Zo werd de commerciële promotie van de F1 door middel van sponsoring tot stand gebracht door (in het bijzonder) Colin Chapman. Op een kleinere schaal werd dit al gedaan in de VS. Daar werden de NASCAR-auto’s ook voorzien van logo’s, echter vaak van lokale ondernemingen en dus met een lokaal bereik.

Toen Chapman in 1968 een deal maakte met Golden Leaf, zat Bernie er mijn zijn neus bovenop. Hij was toen immers de manager van Jochen Rindt. Later hadden BRM en Philip Morris (Marlboro) een soortgelijke deal met het verschil, dat de sponsoring gericht was op technische ontwikkeling en groei van het team. Het was toen Philip Morris die de F1 veranderde in multi-miljoenen sponsorindustrie. Overigens voldeed BRM niet aan de verwachtingen en stapte Philip Morris over op McLaren.

Mark McCormack, oprichter van het internationale marketingbureau International Management Group (IMG), was de eerste die de potentie zag van de televisie in de F1. Alweer was men in de VS daar veel verder mee, door uitgebreide uitzendingen van oa. Amerikaans Football en honkbalwedstrijden.

In de VS zat (zit) veel sport op de kabel, wat een ‘decoder-effect’ heeft. Men moet (extra) betalen om de uitzendingen te zien. Echter hield Bernie vast aan het principe van ‘vrije ontvangst’. Dit betekent immers meer kijkers en dus kon men gunstige kijkcijfers overleggen aan de sponsors.

Christian Vogt, een topman van Bernie’s FOM, zag in dat men meer kon verdienen met ‘land-voor-land contracten’. Vogt kocht het zendcontract met Eurovisie (oa. Eurosport) af en bezorgde zijn baas nog meer macht tegenover circuiteigenaren en lokale overheden.

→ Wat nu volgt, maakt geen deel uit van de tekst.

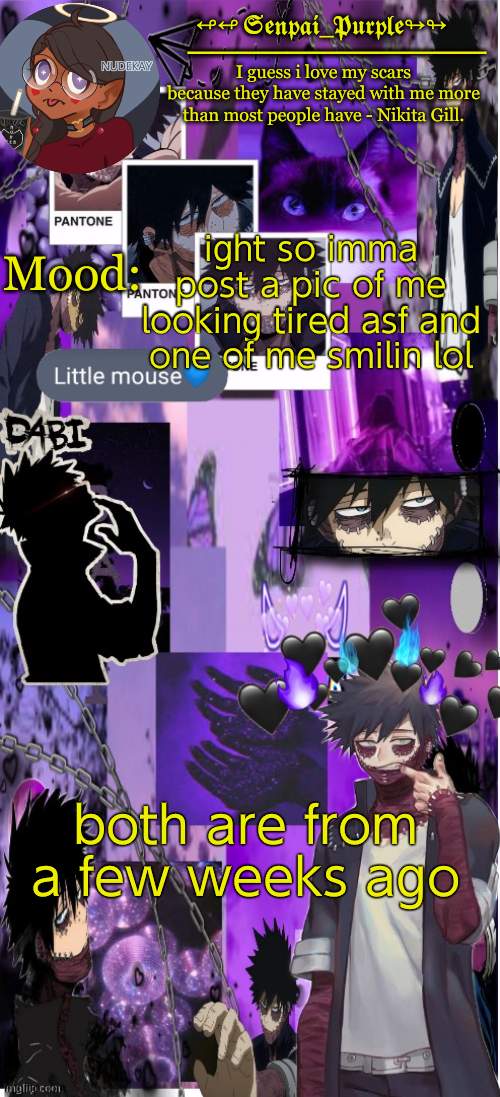 Dabi Temp :D | ight so imma post a pic of me looking tired asf and one of me smilin lol; both are from a few weeks ago | image tagged in yes i made this a temp yet another anime boy temp uwu | made w/ Imgflip meme maker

Iets wat wij fans vandaag de dag ‘mogen meemaken’…

Zelfs de beursgang van de FOCA kwam niet uit de koker van Bernie Ecclestone. Weer was het een werknemer, Marco Piccinini, die besloot tot de beursgang van een bedrijf dat niet meer had dan een grote stapel televisiecontracten.

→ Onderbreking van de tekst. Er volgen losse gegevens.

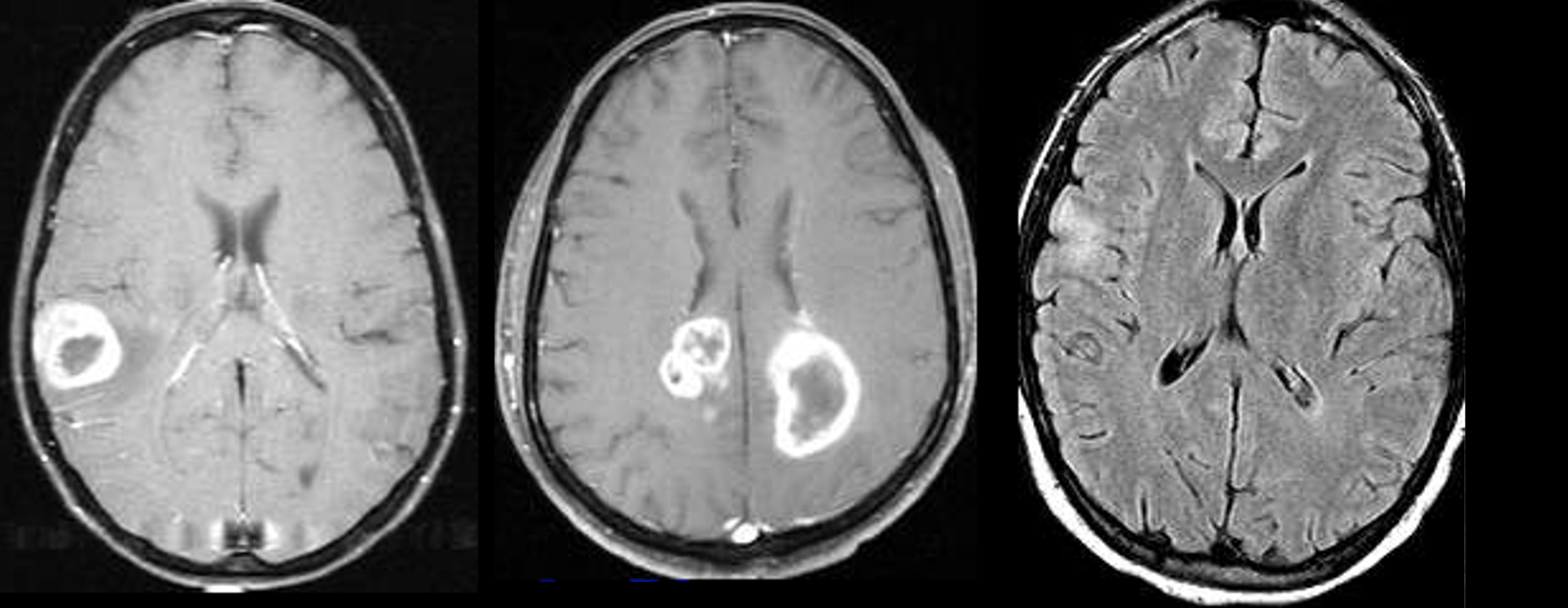 F019 – Type of Lesion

Het zijn dus ideeën, steun of verdiensten van anderen die het hebben laten slagen. Wat Bernie deed was een mogelijkheid nog iets verder te perfectioneren om het in zijn handen te houden, zodat hij er zo meedogenloos aan kon verdienen.

Dan is het begrijpelijk waarom Bernie zich nauwelijks zorgen maakt over zijn opvolging. Een ieder die commercieel denkt en net zo sluw handelde, zou misschien net zo veel succes kunnen hebben als Bernard Charles Ecclestone.